Они никак не могли знать, что видят перед собой не железное самообладание, но холодную ярость. Одно дело – потерять мужа на войне. Но потерять его из-за того, что он отказался взять тебя с собой…
Нет, так нечестно. В конечном счете она и сама решила бы так же. Оставался еще ненайденный ребенок. И даже если он мертв или просто никогда не существовал – откуда они могли знать, сколько вообще было детей, кроме как со слов Волеску? – пятеро нормальных малышей не заслужили столь радикальных перемен в жизни. Примерно как если вынудить здорового близнеца провести всю жизнь на больничной койке лишь из-за того, что его брат в коме.
«Я бы выбрала то же самое, будь у меня время», – подумала Петра.
Но времени не было. Жизнь Боба уже висела на волоске. И Петра его теряла.
Она с самого начала знала, что так или иначе это произойдет. Когда он умолял ее не выходить за него замуж, когда настаивал, что не хочет детей, – он всего лишь не хотел, чтобы ей довелось пережить то, что она переживала сейчас.
Но от осознания, что это ее собственная вина, ее свободный выбор, вера, что так будет лучше, ей было нисколько не легче. Только хуже.
И потому она злилась – на себя, на человеческую природу, на сам факт, что она человек и потому ничто человеческое ей не чуждо, хочется ей этого или нет.
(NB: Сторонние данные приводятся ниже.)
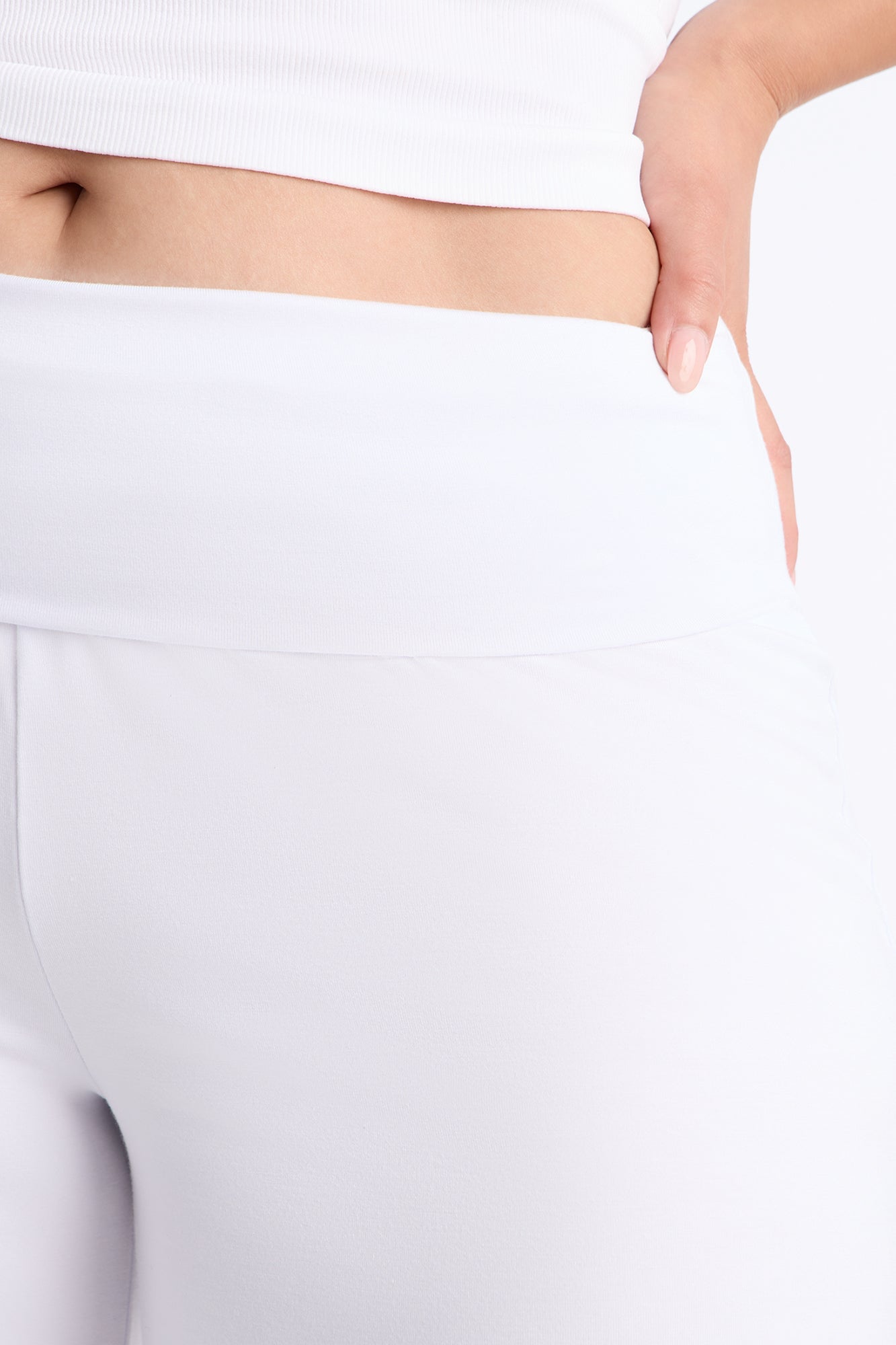 Kiki Studio Low Rise Foldover Gaucho Pant - White image 3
Она желала иметь детей от лучшего мужчины из всех, кого она знала, желала остаться с ним навсегда.
Но при всем при этом ей хотелось идти в бой и побеждать, перехитрить врага, одолеть его, лишив всех сил, а затем гордо стоять над проигравшим.
Ей внушала ужас одна лишь мысль, что она любит военное противостояние не меньше, чем тоскует по мужу и детям, и что первое позволяет не думать о втором.
Когда началась стрельба, Вирломи ощутила невольное возбуждение, но вместе с тем и тошнотворный страх – как будто знала некую ужасную тайну, которую не желала слышать, пока выстрелы не заставили окончательно ее осознать.